◆ What you need to do: Repeat the records below exactly from the line containing "Standing on your head on a plastic table" to the line containing "African-American athlete sprinter", taking in both of those lines. Drop the pictures.

◆ Exercise inputs:
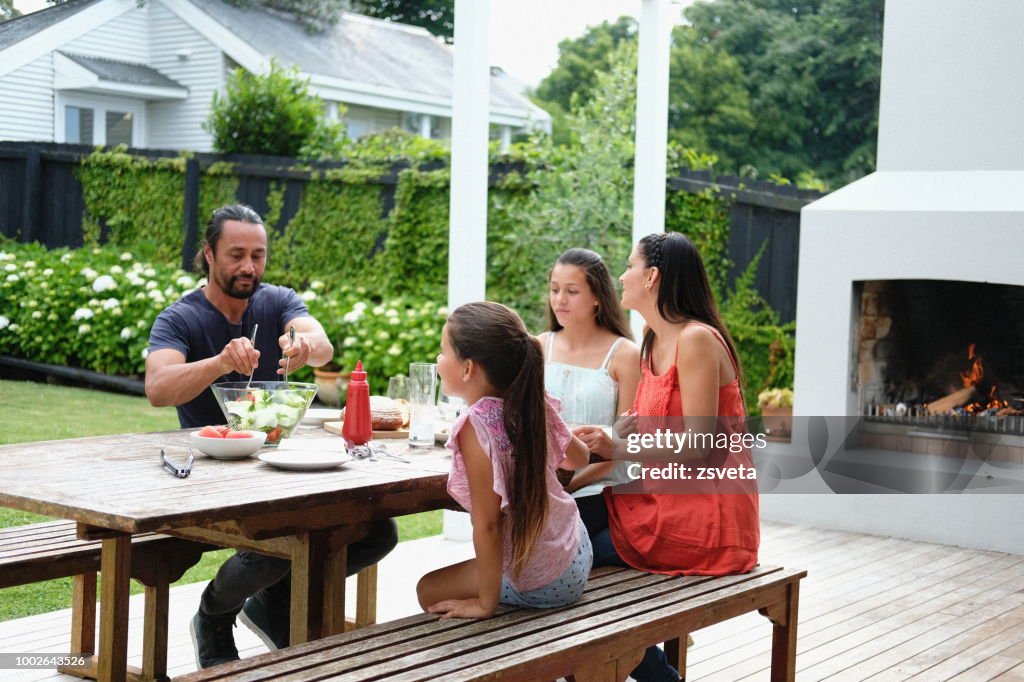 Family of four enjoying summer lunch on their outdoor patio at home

==

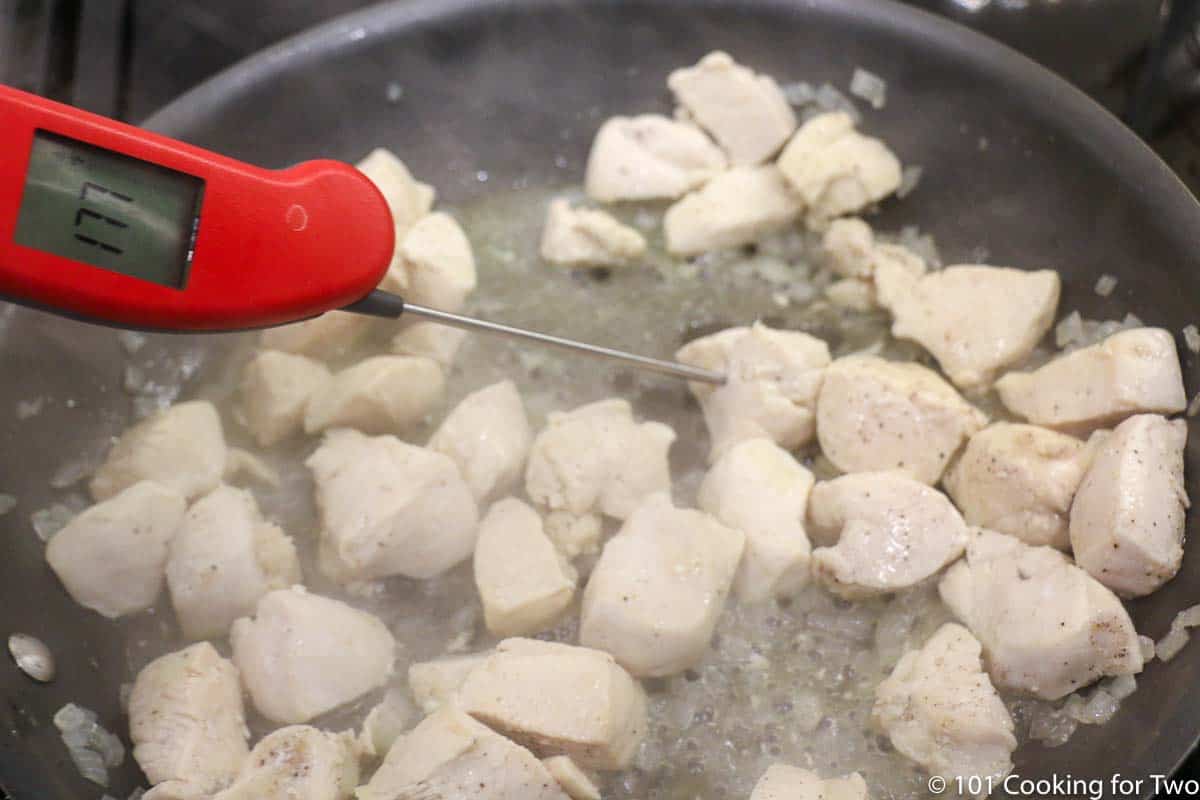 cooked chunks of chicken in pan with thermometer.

--

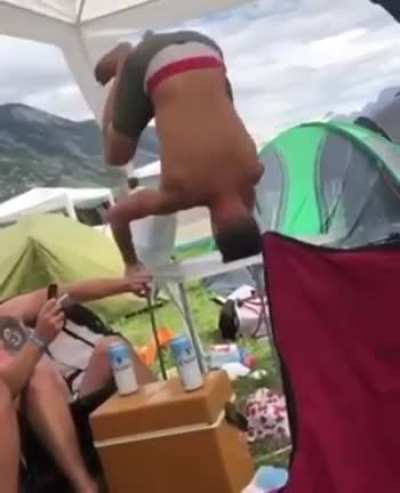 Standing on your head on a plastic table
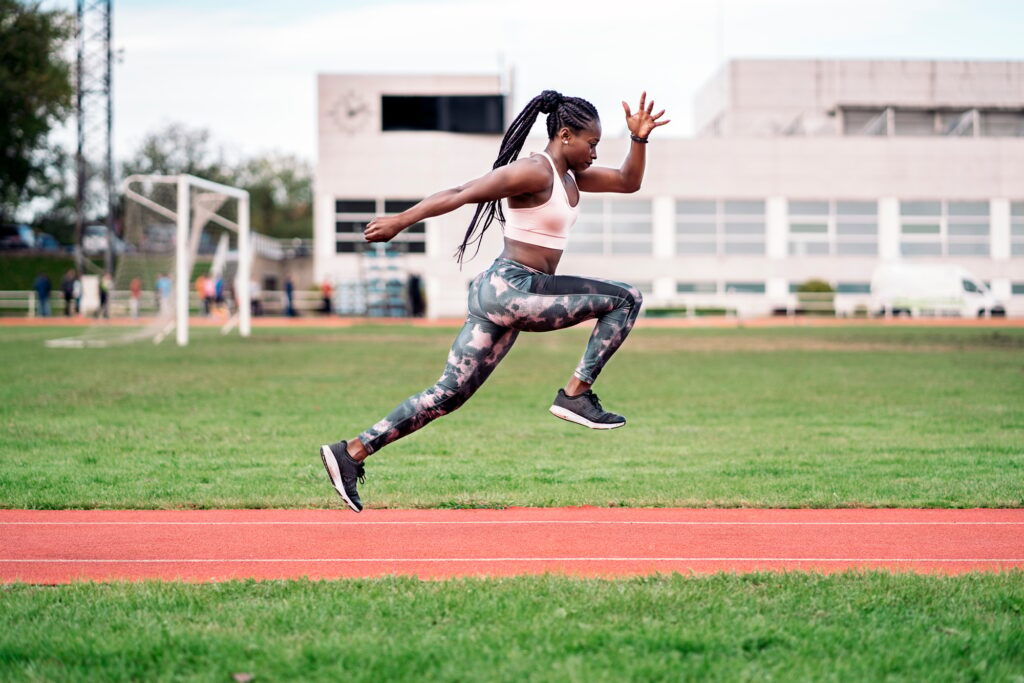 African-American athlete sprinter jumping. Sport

◆ Problem solution:
 Standing on your head on a plastic table
 African-American athlete sprinter jumping. Sport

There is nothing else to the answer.